2016: Cybersecurity, Corporate Ebola and CASL
Take the word “risk”. Four letters, such a small word, but those four letters support entire industries, form the basis of global compliance programs and have as many conflicting interpretations as there are words in the thesaurus.
Ask the average person what “risk” means and the answer will be something like, “the chance that something bad might happen”. That’s as good a definition as any for everyday life, but the Risk Management world uses that word in fundamentally different ways.
This definition of risk from investopedia tells the reader everything and at the same time absolutely nothing. It’s a vague idea, requiring context to be properly understood.
Currency risk, execution risk, technology risk, fraud, change in legislation, failure to execute, regulatory investigations, country risk, interest rates, third party risk, liquidity … just some of the predictable risks to a business.
I was speaking at the Global Mining AntiCorruption conference in early October and this topic came up. My point was that I see two kinds of risk: theoretic and functional. Much of what a compliance department or Risk Manager does is to protect against theoretic visible day-to-day risk. Examples of these are creating process to protect against the Fraud Triangle, buying futures to protect against movement in currencies, having appropriate kinds and levels of insurance, staying current with IFRS to make accurate minimal disclosure, and basic due diligence on third party vendors.
This first level of risk management is absolutely necessary. To a large extent it’s “check the box” risk management, supervised largely by regulators with retrospective vision, the International Standards and Accounting Board, and class action lawyers.
Part of Cybersecurity falls in that area.
Cybersecurity was identified by PWC at its 2015 global conference in Monte Carlo as one of the key risks to businesses in 2016. The cybersecurity insurance market is estimated to be worth USD$7.5B by 2020. IIROC, the self-regulatory body for Canada’s brokerage firms, takes this so seriously that in December, 2015 it issued a standalone Cybersecurity Best Practices Policy aimed at small and medium sized firms.
There will always be hackers trying to breach the company’s castle walls.
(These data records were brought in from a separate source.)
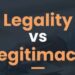 Legality Versus Legitimacy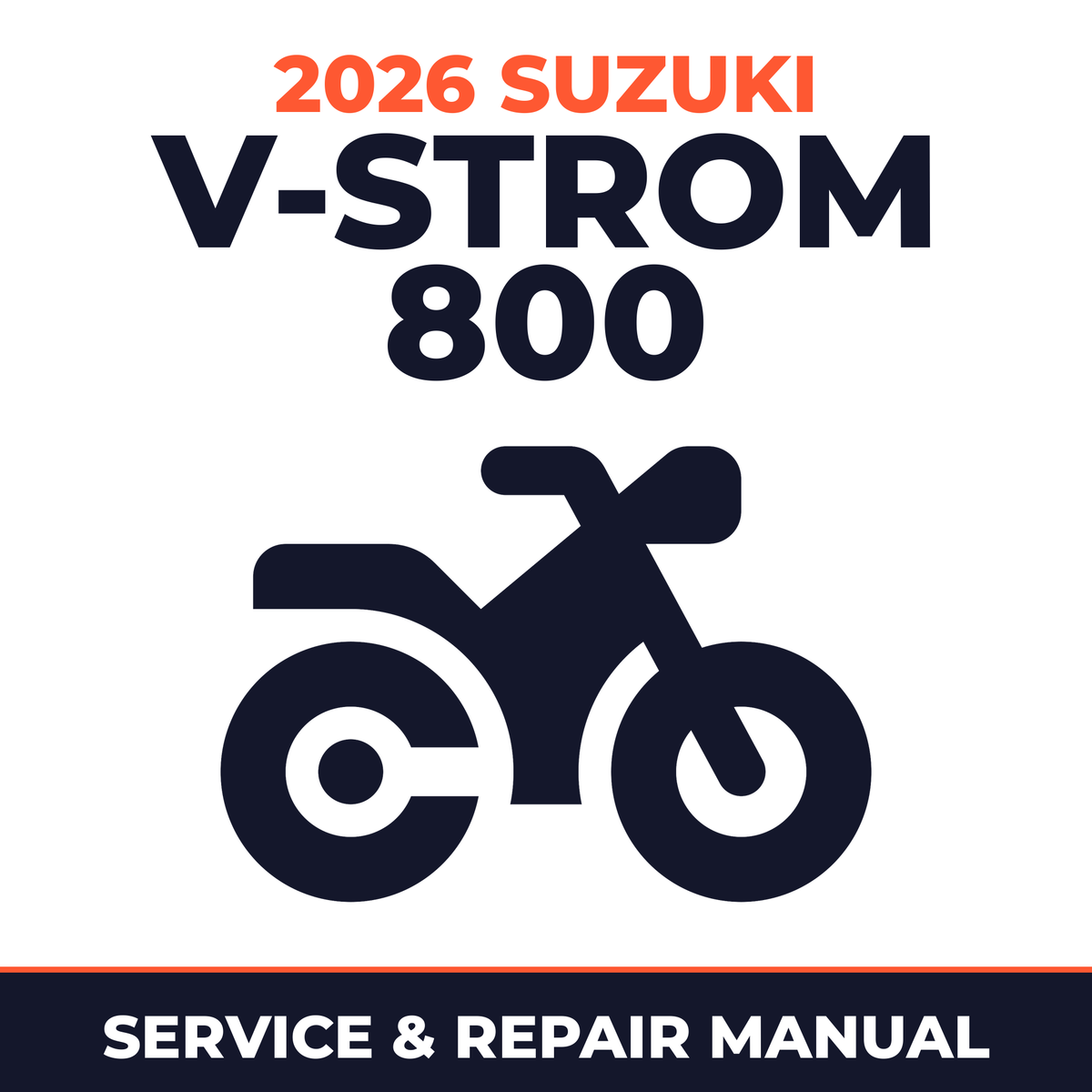2026 Suzuki V-Strom 800 Service and Repair Manual - motorcycle workshop manual cover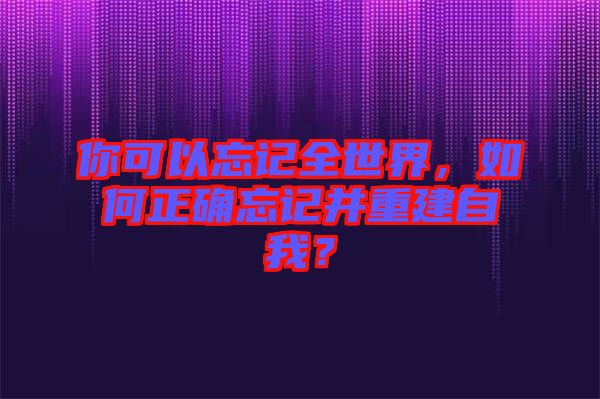 你可以忘記全世界，如何正確忘記并重建自我？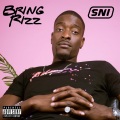 SNI - Bring Rizz (Explicit)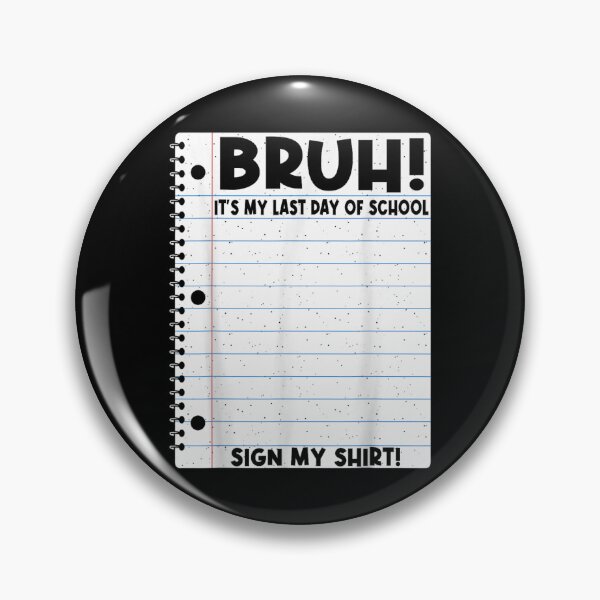Item preview, Bruh Its My Last Day Of School Sign My Shirt Notebook designed and sold by LizzyKeiko.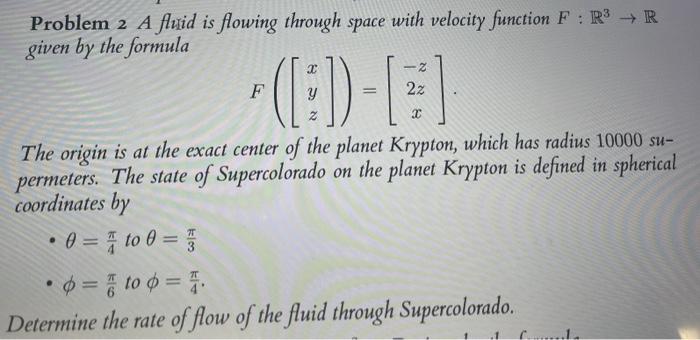Solved Problem 2 A fluid is flowing through space with | Chegg.com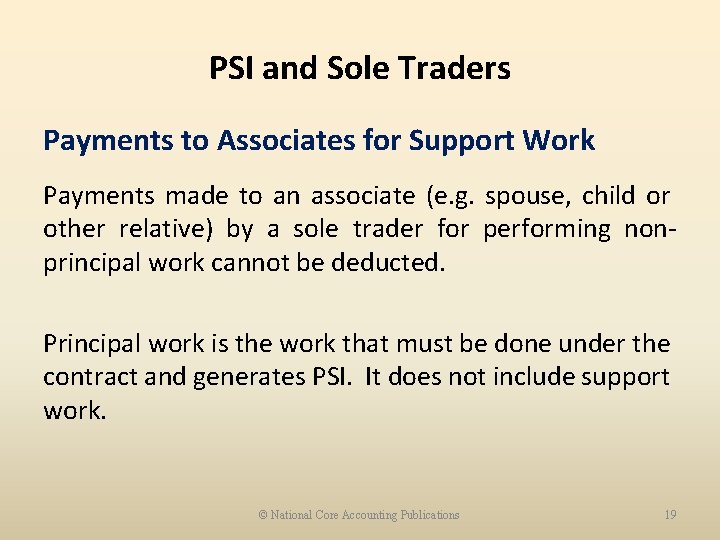 PSI and Sole Traders Payments to Associates for Support Work Payments made to an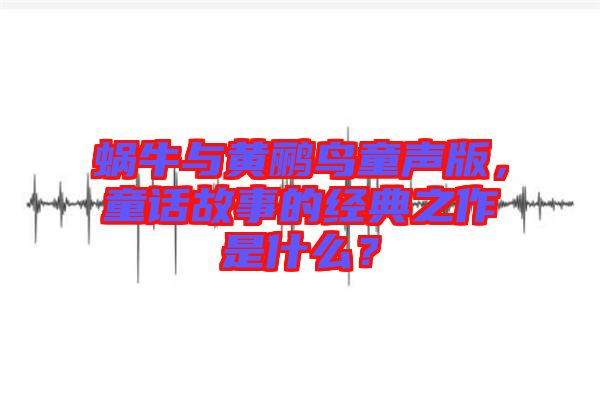 蝸牛與黃鸝鳥童聲版，童話故事的經(jīng)典之作是什么？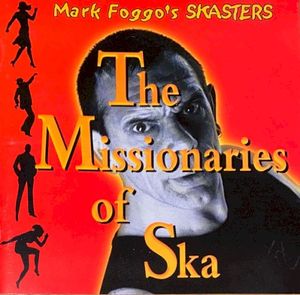 The Missionaries of Ska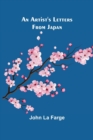 An Artist's Letters from Japan - Book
It’s a constantly evolving arms race between the people who own the data and the people who want it.
Some of those battles might be lost from time to time, but one part of cybersecurity where no company should ever lose is in its CASL compliance.
We have been banging on the CASL drum for about two years and will continue to raise the alarm. A failure to be in compliance has the potential to wipe out your company. It is that serious. See a recent article here that outlines why CASL should be seen as corporate ebola.
A quick recap of CASL’s basic tenet: before you send any electronic message (email, BBM, proximity based marketing) to an account (email, phone, Bluetooth), you MUST have that account holder’s prior consent. You cannot message to ask for consent to send a message – you must already have consent to send the message. The onus is on you as the sender to prove you had that prior consent.
There are other rules, limits and exceptions in this Canada-wide statute, but that’s the key principle to keep in mind.
Currently, the only consequence of a failure to comply with CASL is a prosecution by the Canadian Radio-television Telecommunications Commission (CRTC) and possible fines. The maximum penalty for a violation is $1,000,000 for an individual and $10,000,000 for a corporation, in addition to the legal costs, the cost of distraction and the public relations damage.
I’ve spoken with dozens of companies that have said, “Sure, but the CRTC will never prosecute us. We’re too small / invisible / almost in compliance.” All of that is probably true. With over 99% of companies NOT being in CASL compliance, the odds of a negative consequence to being in breach is minimal.
The problem is, that will change in July of 2017. That’s when the courts begin to share jurisdiction over CASL breaches. You and your company can then be sued for CASL breaches. Yes, in court, and supportable by class action litigation. And the onus will be on you as the sender to prove you were in compliance – the plaintiffs will not have to prove you weren’t in compliance.
That’s as scary as it sounds. And it is the law of Canada.
The law applies to any email received in Canada. So imagine a Florida-based company with a sales subsidiary in Calgary, sending emails that are offside CASL. Even an articling student can see the path is to bring class action litigation against the Calgary sub, and allege the Florida directors were negligent in failing to ensure good Risk Management protocols were in place. Bang! A breach of CASL in Canada comes home to Florida.
Anyone who emails for business reasons into Canada is at risk, regardless of where your home office or servers are located. CASL can follow you extra-jurisdictionally.
This is the new reality, a simple decision to make, based on obvious Risk Management principles. The massive risk clearly exists, so welcome to 2016: get into CASL compliance now and avoid being sued in 2017.
Make sure CASL compliance appears as a line item in this year’s budget. If it’s not there, ask your Risk Management team why not.